Hace muchos años tuve un amigo que a menudo aseguraba que el verdadero acceso al conocimiento se logra frecuentando y cultivando dos prácticas: la lectura de los clásicos y el género epistolar. Entendía el género epistolar como una forma de exponer lo pensado que va más allá del lenguaje oral. Y es absolutamente cierto que la única forma de acceder a un pensamiento verdadero (profundo) deviene de haber ordenado por escrito lo que sólo eran simples chascarrillos más o menos agudos. De esta forma el conocimiento, la sabiduría, sólo tiene que ver con la inteligencia de forma tangencial. La capacidad intelectiva de desarrolla en los individuos que la desarrollan. La inteligencia (mayor o menor) es sólo un parámetro que incide en toda actividad. Así, una persona puede ser muy inteligente y, al mismo tiempo, una nulidad desde el punto de vista intelectual. Otra cosa sería hablar de felicidad. Hay tontos sumamente felices. Y sabios tristes.
Aunque, si nos atenemos a la realidad más actual, sólo cabe hablar de felicidad, ya que es la búsqueda de felicidad inmediata lo que hace que los jóvenes no lean a los clásicos (ni a los clásicos ni a los modernos) y que su género epistolar quede reducido a “anoxe sali fue xaxi me encntre con javi y le conte la peli je je je x”. Todo en ellos gira en torno a la búsqueda de la felicidad, sobre todo para nunca tener que ir después en búsqueda del tiempo perdido. Los jóvenes del ahora viven una suerte de descreimiento nihilista. Y en cierto modo son consecuentes: son ya muchos años los que se les lleva inculcando que no hay verdad más verdadera que otra y que todas lo son por igual. Podrán no saber qué es el relativismo pero lo practican con desesperación.

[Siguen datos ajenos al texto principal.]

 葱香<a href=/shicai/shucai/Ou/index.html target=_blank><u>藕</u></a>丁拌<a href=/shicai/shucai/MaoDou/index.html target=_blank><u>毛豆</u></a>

Hace poco comentaba (en post reciente de este blog) que las cabras les hacían más caso a sus pastores que a mí mis alumnos. No pretendía hacer una gracia con la afirmación, sobre todo debido a su dosis de veracidad. A mis alumnos nadie les tose porque desde la más tierna infancia les han enseñado a reivindicarse constantemente. A reivindicarse sin fin alguno, sin fin concreto alguno. No siempre hacen lo que quieren, pero no hacen nada que no quieran. Todo nivel de exigencia hacia ellos se ha ido rebajando hasta dejarlo a la altura de sus requerimientos. Los alumnos aprenden, sólo, lo que quieren. Aunque en última instancia no sepan qué es lo que quieren.

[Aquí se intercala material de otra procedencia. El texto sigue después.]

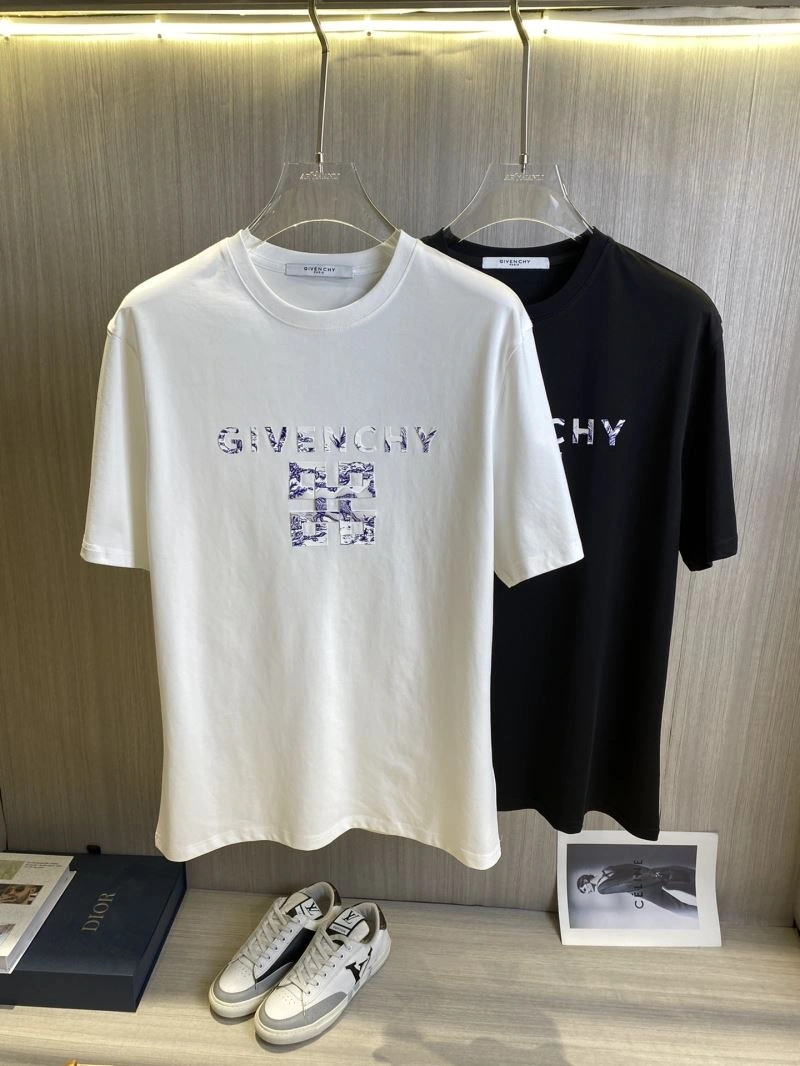 Givenchy T-Shirts ModernLook 123754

Ese descreimiento nihilista, ese vacío de esperanza que provoca la poca fe en la justicia social, les induce al rechazo de todo esfuerzo. El esfuerzo es sólo un parámetro posible, o mejor, un miniparámetro, un parámetro casi despreciable por nimio. Nada garantiza el esfuerzo. Los clásicos están muertos, más muertos que nunca, y escribir sólo es una forma de poder comprender. Algo que tampoco garantiza nada. Así, la justa distancia que se abría entre el aprender y el comprender (en todo aprendizaje tradicional) se ha estirado ahora hasta el absurdo. No quieren aprender porque el comprender no garantiza siquiera la diversión.